Every line from the one with "How I Fixed" through the final line of the data below goes in the answer, copied exactly. Pictures do not.

START Records shown

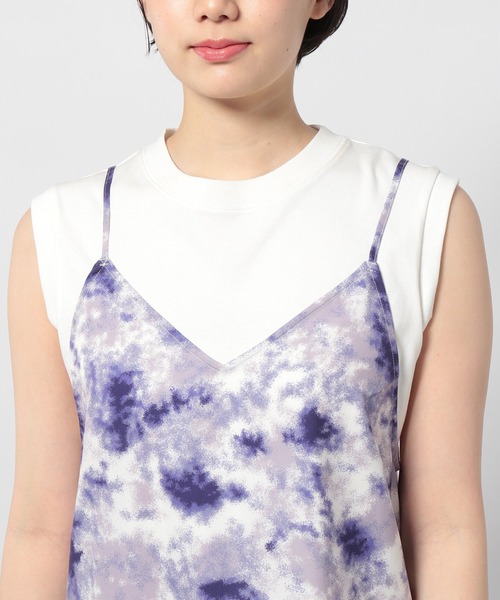 PAGEBOY(ページボーイ)の「シアーグラスキャミワンピース(ワンピース・レディース・グレー系その他/パープル系その他・FREE)」の4枚目の写真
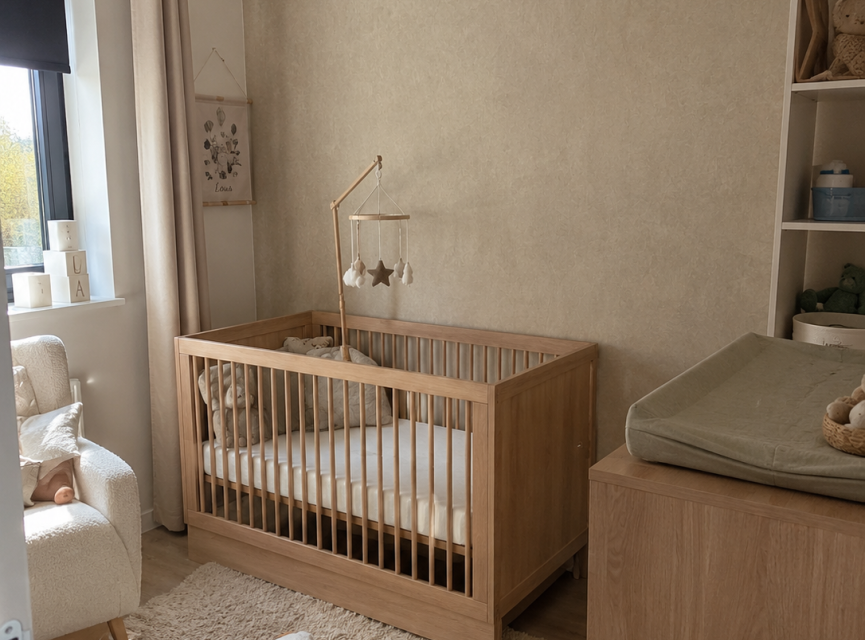 Oppio €98 PER PANEEL - 120x280x0,3 cm – Oxy BEIGE PVC Wandpaneel MAT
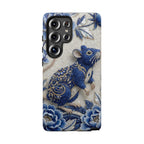 Asian Zodiac Rat Samsung Galaxy Phone Case | Blue & White Porcelain Art Slim Protective iPhone Case | Year of the Rat Gift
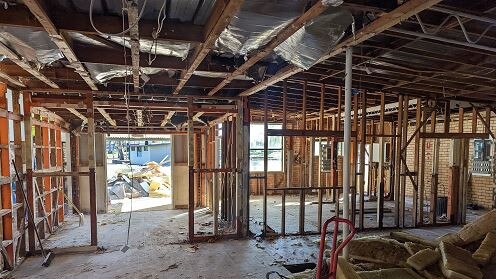 Inside the Princess Park, Shepparton changerooms after the October floods. Picture: Supplied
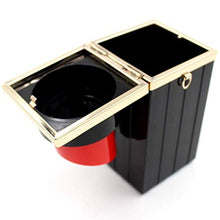 Load image into Gallery viewer, Women Acrylic Black Lipstick Shape Evening Bags Purses Clutch Vintage Banquet Handbag (Black)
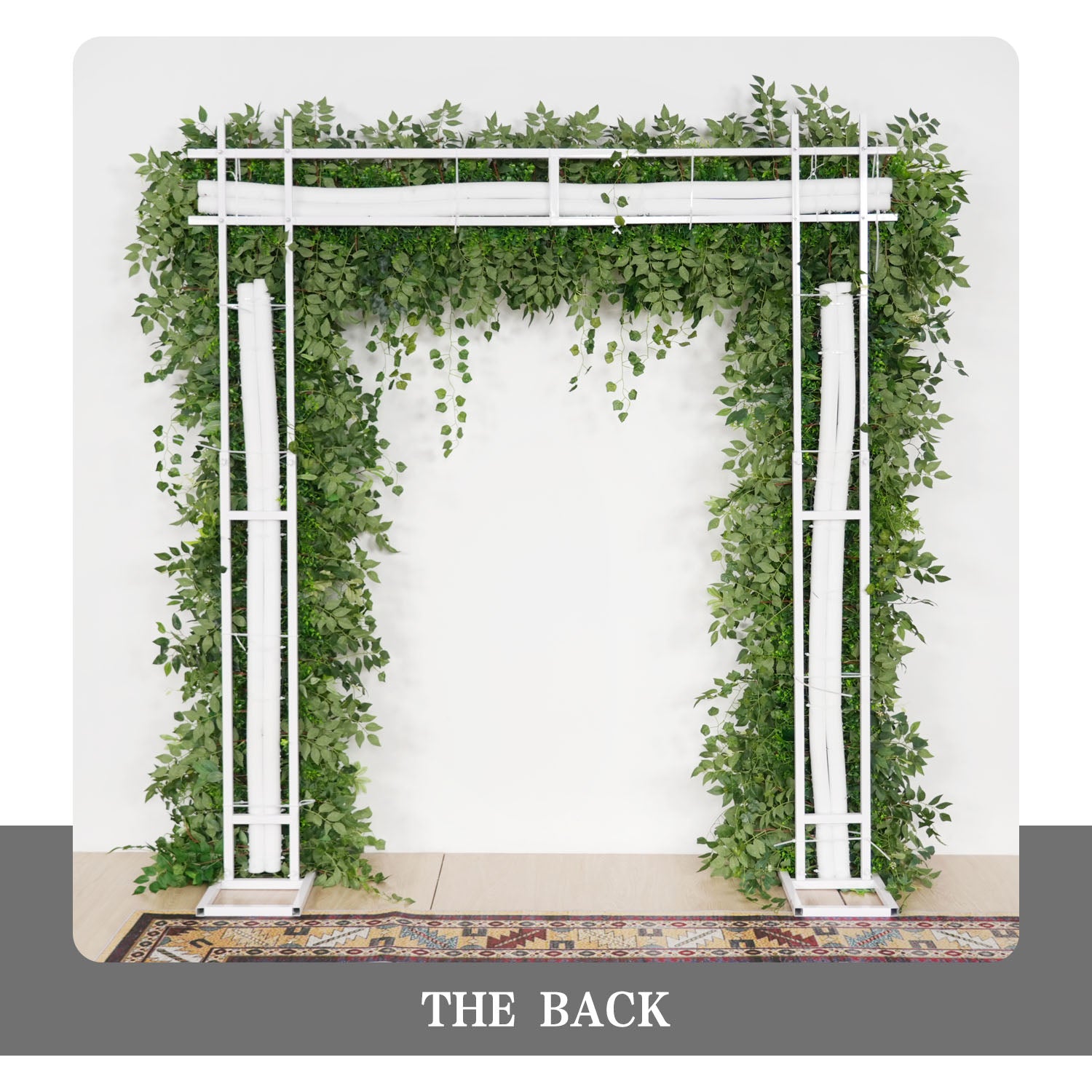 Uflower Green Series Wedding Backdrop Arch Decor Floral Arrangement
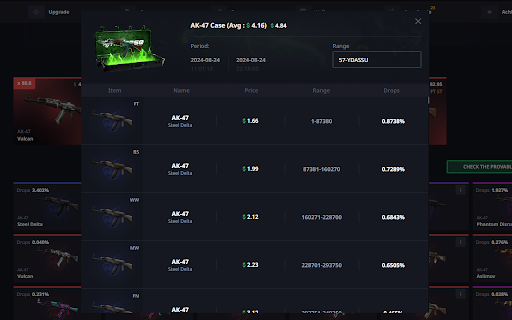 Hellcase Average Calculator :: Want to know which Hellcase weapon crate is worth it? This addon is for you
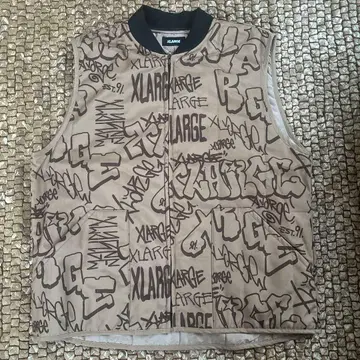 XLARGE 그래피티 프린트 베스트 1X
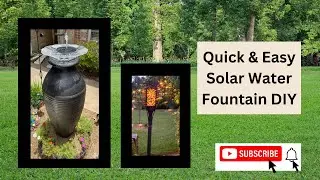 How I Fixed My Broken Water Fountain, Quick and Easy Solar Water Fountain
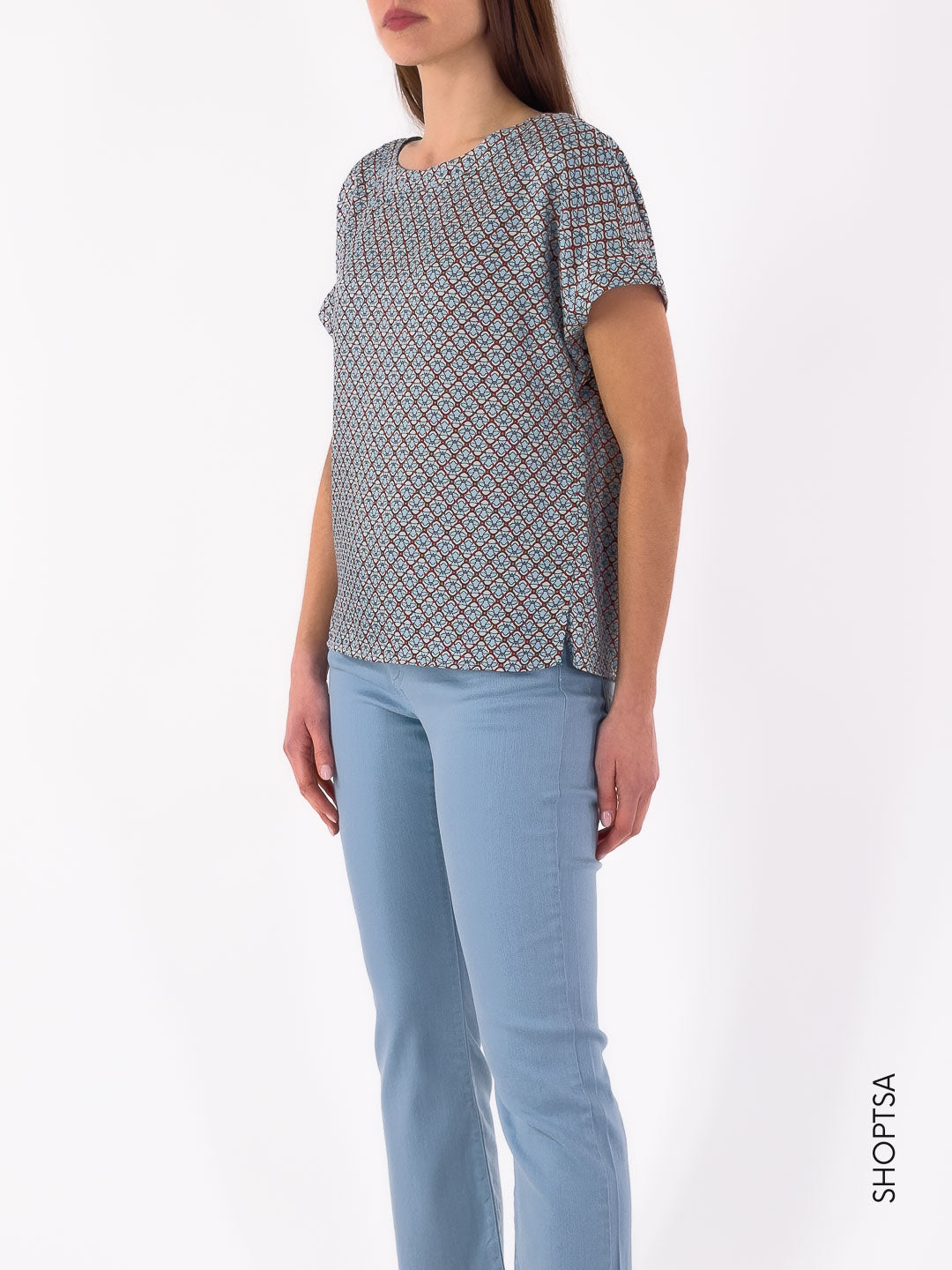 Blusa in twill RUBINO1 - EMME Marella - Emme Marella - shopTSa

END Records shown

__Answer for the task__
 How I Fixed My Broken Water Fountain, Quick and Easy Solar Water Fountain
 Blusa in twill RUBINO1 - EMME Marella - Emme Marella - shopTSa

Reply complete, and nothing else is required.